** Opening DATA FOR REVIEW block **
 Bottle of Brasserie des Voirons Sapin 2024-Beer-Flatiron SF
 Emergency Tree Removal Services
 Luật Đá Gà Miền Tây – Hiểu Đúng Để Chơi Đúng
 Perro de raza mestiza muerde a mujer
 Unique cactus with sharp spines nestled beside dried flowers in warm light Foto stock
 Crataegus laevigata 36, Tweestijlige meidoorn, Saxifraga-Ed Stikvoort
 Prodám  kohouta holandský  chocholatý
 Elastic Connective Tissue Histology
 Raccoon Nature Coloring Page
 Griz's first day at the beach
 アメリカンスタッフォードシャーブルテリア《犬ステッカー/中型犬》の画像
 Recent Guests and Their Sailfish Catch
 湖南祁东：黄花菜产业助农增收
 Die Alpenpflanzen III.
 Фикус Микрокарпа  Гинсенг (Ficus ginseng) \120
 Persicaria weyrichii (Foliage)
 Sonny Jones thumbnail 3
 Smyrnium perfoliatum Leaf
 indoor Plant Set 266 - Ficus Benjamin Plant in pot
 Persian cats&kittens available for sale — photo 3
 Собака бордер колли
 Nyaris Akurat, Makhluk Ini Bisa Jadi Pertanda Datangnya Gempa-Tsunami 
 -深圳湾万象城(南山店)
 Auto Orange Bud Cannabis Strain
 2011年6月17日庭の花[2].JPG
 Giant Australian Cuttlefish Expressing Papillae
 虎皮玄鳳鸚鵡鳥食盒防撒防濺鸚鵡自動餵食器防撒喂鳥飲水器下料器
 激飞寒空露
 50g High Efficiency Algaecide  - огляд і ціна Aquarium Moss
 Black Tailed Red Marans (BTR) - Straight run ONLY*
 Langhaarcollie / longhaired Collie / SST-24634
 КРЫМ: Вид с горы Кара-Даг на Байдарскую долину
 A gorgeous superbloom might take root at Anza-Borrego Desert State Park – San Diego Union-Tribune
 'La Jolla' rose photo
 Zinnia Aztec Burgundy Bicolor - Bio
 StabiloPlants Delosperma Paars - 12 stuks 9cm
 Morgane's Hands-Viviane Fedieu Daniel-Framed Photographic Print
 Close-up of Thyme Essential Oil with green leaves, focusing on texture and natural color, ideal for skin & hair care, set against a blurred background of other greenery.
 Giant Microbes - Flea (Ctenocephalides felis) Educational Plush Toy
** Closing DATA FOR REVIEW block **
= WHAT YOU WILL DO =
What is needed is a word-for-word restatement of every line from the one with "Zinnia Aztec Burgundy Bicolor - Bio" to the end of the entries above.

= TASK RESULT =
 Zinnia Aztec Burgundy Bicolor - Bio
 StabiloPlants Delosperma Paars - 12 stuks 9cm
 Morgane's Hands-Viviane Fedieu Daniel-Framed Photographic Print
 Close-up of Thyme Essential Oil with green leaves, focusing on texture and natural color, ideal for skin & hair care, set against a blurred background of other greenery.
 Giant Microbes - Flea (Ctenocephalides felis) Educational Plush Toy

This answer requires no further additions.